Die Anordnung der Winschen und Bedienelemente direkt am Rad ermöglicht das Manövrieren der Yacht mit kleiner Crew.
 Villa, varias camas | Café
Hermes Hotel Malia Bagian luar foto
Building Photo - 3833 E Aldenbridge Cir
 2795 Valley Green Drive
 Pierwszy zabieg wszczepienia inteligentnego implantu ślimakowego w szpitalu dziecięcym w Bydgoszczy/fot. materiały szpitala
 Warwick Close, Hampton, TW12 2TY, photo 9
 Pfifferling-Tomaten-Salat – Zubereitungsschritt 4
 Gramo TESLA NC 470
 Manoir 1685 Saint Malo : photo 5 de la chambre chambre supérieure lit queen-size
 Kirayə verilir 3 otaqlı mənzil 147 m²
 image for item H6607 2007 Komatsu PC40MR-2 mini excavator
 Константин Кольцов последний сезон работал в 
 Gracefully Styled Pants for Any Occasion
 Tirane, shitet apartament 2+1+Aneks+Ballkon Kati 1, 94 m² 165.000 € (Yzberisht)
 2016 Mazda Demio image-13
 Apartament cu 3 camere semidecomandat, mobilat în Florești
=-=-=-=-=
### [Exercise requirements]
Could you reproduce every record exactly as written?

### [Result of the exercise]
Die Anordnung der Winschen und Bedienelemente direkt am Rad ermöglicht das Manövrieren der Yacht mit kleiner Crew.
 Villa, varias camas | Café
Hermes Hotel Malia Bagian luar foto
Building Photo - 3833 E Aldenbridge Cir
 2795 Valley Green Drive
 Pierwszy zabieg wszczepienia inteligentnego implantu ślimakowego w szpitalu dziecięcym w Bydgoszczy/fot. materiały szpitala
 Warwick Close, Hampton, TW12 2TY, photo 9
 Pfifferling-Tomaten-Salat – Zubereitungsschritt 4
 Gramo TESLA NC 470
 Manoir 1685 Saint Malo : photo 5 de la chambre chambre supérieure lit queen-size
 Kirayə verilir 3 otaqlı mənzil 147 m²
 image for item H6607 2007 Komatsu PC40MR-2 mini excavator
 Константин Кольцов последний сезон работал в 
 Gracefully Styled Pants for Any Occasion
 Tirane, shitet apartament 2+1+Aneks+Ballkon Kati 1, 94 m² 165.000 € (Yzberisht)
 2016 Mazda Demio image-13
 Apartament cu 3 camere semidecomandat, mobilat în Florești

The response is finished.